The decision keeps the matter at least temporarily alive and rejects efforts by both Flynn's lawyers and the Justice Department to force the prosecution to be dropped without any further inquiry from the judge, who has for months declined to dismiss it.

Federal prosecutors moved in May to dismiss the prosecution even though Flynn had pleaded guilty and admitted lying to the FBI during the Russia investigation about his Russian contacts during the presidential transition period. He was awaiting sentencing when the government asked to dismiss the case.

But U.S. District Judge Emmet Sullivan, signalling his skepticism at the government's motion, refused to immediately grant the request and instead appointed a retired federal judge to argue against the Justice Department's position.

His lawyers then sought to bypass Sullivan and obtain an order from the federal appeals court that would have required the judge to immediately force the judge to dismiss the case.

Dismissal could still happen

At issue before the court was not the merits of the Flynn prosecution but rather whether Sullivan could be forced to grant the Justice Department's dismissal request without even holding a hearing to scrutinize the basis for the motion.

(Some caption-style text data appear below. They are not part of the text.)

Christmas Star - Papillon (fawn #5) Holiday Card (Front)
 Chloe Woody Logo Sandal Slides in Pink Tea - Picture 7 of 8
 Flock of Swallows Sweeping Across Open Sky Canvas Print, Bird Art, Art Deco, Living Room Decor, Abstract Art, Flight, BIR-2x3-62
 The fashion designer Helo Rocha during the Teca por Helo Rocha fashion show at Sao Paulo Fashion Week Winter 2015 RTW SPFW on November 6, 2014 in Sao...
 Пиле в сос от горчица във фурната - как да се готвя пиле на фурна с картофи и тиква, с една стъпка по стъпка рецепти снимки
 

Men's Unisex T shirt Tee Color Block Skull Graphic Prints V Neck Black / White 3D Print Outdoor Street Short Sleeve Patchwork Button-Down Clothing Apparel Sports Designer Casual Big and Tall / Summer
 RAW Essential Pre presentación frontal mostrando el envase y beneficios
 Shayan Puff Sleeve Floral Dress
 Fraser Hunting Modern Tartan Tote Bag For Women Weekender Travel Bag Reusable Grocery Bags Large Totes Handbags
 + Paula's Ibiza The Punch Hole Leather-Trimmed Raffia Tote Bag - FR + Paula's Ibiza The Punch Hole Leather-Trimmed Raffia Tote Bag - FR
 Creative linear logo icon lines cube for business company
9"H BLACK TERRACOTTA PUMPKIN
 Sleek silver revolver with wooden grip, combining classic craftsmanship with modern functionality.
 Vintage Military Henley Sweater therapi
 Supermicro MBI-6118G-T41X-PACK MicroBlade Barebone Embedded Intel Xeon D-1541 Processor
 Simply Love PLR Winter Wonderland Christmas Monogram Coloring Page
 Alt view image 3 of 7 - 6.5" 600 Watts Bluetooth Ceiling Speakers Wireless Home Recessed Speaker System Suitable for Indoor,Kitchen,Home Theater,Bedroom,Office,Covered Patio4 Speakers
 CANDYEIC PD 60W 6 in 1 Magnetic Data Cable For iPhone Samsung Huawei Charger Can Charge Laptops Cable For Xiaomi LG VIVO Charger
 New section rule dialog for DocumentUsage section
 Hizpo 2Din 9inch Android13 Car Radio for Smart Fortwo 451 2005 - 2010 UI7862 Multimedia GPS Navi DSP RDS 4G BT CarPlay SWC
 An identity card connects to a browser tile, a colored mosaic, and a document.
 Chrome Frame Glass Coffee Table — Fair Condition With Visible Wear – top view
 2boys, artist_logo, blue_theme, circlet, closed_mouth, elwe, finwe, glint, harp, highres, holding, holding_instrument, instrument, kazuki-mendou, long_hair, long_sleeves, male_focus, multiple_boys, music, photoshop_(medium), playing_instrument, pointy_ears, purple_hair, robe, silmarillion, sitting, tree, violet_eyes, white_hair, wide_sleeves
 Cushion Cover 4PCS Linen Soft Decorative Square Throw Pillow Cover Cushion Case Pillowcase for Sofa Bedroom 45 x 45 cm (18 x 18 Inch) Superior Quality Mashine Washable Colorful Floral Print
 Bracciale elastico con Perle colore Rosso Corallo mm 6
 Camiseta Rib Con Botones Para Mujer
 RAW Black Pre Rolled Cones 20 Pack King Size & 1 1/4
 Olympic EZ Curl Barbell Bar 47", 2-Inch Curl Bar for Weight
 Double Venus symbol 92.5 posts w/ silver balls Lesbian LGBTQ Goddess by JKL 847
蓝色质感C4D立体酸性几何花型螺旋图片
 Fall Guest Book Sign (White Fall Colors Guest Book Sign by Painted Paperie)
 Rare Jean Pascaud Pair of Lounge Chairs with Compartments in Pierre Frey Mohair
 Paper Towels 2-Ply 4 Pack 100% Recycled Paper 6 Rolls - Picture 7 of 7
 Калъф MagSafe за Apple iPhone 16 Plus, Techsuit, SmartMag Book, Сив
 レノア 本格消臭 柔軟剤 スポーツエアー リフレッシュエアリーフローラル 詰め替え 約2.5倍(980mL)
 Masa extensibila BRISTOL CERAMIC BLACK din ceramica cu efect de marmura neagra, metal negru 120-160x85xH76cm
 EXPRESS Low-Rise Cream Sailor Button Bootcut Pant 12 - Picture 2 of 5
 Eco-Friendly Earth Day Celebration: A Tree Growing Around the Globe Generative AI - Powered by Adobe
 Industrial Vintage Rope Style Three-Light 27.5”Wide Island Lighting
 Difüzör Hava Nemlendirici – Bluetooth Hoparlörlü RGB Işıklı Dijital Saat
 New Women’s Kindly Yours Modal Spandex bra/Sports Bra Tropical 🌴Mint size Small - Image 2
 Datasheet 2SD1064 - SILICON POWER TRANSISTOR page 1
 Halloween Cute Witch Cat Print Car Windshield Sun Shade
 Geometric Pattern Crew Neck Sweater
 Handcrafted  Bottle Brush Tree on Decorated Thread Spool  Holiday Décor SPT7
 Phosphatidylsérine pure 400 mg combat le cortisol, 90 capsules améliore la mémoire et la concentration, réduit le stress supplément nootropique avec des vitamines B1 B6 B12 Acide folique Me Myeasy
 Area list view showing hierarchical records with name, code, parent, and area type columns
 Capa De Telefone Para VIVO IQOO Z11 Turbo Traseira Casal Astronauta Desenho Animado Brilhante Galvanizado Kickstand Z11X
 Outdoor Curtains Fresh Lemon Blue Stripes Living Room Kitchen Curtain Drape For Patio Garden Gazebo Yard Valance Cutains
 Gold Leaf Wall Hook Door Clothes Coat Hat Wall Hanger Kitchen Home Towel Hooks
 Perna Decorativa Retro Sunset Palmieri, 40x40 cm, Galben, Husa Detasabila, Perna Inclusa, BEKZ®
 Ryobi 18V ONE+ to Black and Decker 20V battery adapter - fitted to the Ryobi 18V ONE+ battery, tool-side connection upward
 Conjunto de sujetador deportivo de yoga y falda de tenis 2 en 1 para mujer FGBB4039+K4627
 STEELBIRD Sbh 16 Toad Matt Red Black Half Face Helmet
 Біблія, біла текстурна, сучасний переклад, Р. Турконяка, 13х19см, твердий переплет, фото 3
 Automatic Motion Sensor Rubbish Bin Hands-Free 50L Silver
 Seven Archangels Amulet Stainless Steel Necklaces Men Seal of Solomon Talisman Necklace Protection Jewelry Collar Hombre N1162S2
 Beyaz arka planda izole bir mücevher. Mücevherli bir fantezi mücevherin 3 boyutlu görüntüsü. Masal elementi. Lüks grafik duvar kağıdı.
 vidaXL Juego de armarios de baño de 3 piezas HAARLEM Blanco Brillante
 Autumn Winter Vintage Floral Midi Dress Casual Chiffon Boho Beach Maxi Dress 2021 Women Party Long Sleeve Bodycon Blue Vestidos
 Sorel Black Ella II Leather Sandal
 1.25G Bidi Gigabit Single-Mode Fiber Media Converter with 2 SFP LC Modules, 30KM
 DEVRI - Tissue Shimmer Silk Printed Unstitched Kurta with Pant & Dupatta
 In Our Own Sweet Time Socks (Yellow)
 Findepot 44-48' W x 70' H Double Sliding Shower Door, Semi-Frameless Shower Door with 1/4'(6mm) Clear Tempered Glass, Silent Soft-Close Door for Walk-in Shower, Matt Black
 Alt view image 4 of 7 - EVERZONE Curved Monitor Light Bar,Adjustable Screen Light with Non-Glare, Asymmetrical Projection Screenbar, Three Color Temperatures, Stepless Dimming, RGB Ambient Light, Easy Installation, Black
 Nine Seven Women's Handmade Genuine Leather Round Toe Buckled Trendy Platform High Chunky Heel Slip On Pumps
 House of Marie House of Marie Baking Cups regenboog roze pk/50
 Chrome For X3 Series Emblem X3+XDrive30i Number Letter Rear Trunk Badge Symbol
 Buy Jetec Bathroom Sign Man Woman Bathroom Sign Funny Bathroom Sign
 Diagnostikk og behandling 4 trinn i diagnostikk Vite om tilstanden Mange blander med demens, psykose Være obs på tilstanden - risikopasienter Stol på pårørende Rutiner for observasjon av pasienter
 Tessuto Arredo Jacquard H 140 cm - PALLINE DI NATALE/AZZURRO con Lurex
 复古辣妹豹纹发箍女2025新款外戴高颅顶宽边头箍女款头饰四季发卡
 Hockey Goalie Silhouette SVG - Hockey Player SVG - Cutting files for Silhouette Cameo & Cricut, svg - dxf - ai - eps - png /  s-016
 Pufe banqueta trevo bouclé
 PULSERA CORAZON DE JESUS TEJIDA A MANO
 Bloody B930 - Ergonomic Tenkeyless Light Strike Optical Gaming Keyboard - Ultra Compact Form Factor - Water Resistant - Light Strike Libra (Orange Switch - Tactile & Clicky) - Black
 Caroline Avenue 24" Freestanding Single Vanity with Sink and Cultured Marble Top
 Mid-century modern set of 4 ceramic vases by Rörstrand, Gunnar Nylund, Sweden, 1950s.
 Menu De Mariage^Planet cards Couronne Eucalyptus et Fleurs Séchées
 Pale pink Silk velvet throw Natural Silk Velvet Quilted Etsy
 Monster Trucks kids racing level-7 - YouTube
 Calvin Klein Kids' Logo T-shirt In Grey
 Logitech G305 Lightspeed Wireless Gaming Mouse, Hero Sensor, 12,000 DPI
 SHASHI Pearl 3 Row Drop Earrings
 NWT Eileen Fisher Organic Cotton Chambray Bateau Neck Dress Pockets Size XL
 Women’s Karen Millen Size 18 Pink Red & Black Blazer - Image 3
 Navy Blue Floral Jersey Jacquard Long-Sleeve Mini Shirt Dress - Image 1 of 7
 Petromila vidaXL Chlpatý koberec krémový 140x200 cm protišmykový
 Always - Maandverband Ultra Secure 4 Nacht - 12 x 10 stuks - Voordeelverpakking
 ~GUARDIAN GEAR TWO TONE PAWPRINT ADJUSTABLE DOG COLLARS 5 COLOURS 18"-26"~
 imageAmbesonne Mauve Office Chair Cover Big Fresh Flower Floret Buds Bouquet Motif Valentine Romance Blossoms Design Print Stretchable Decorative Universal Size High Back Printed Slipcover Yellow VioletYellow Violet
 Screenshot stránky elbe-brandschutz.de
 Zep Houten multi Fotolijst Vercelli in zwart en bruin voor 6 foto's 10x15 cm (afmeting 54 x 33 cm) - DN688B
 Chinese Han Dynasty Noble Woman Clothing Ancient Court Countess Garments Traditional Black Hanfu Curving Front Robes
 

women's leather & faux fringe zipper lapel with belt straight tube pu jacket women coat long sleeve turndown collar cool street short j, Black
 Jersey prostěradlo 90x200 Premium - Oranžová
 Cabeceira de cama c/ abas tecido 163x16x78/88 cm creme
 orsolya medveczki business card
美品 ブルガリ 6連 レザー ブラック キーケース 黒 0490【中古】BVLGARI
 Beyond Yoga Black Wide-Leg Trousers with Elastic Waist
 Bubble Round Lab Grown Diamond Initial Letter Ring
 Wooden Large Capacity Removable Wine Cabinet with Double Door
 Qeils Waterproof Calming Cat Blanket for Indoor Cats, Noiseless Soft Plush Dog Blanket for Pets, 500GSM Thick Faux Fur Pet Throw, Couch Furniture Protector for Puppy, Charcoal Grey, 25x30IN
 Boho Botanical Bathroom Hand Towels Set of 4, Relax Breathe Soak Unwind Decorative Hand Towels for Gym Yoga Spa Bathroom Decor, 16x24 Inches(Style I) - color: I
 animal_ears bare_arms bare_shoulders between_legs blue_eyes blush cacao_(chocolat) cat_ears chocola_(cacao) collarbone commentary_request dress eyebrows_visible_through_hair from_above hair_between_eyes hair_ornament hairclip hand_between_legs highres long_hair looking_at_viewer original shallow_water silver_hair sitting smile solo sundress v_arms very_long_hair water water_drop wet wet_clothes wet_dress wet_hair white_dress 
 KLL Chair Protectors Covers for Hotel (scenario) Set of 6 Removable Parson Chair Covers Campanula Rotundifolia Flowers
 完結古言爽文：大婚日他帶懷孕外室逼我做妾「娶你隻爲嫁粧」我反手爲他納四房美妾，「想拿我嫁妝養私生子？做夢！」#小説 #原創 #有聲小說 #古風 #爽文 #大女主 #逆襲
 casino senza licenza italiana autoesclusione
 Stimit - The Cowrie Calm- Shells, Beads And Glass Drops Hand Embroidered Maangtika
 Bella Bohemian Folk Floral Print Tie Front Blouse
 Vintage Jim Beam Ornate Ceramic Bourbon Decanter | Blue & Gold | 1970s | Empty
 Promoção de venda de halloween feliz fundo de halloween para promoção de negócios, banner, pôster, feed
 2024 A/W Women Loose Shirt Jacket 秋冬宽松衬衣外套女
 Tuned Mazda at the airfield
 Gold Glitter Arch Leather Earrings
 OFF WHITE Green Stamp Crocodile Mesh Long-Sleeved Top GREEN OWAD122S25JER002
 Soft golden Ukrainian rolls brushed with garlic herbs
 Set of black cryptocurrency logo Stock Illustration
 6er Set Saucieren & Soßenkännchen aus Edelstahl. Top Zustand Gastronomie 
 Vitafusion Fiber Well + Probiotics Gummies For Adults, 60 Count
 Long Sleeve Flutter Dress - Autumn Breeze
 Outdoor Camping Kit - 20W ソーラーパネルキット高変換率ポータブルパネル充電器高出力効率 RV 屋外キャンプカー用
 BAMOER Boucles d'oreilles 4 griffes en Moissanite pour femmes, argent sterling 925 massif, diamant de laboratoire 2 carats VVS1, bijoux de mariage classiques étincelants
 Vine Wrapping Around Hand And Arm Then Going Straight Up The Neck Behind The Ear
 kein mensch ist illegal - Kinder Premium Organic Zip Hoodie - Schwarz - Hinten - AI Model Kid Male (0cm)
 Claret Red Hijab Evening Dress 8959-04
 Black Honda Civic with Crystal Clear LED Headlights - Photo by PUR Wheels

Such a hearing could still eventually lead to the dismissal of charges.

"We have no trouble answering that question in the negative," the court wrote in an unsigned, 8-2 opinion.

Flynn was charged as a result of special counsel Robert Mueller's investigation into possible ties between the 2016 Trump campaign and Russia.

He was questioned by the FBI at the White House, just days after Trump's inauguration, about his conversations with the then-Russian ambassador to the U.S. pertaining to sanctions that had just been imposed by the Obama administration for election interference.

The conversation alarmed law enforcement and intelligence officials who were already investigating whether the Trump campaign had co-ordinated with Russia to sway the presidential election in Trump's favour. They were puzzled by the White House's public insistence that Flynn and the diplomat had not discussed sanctions.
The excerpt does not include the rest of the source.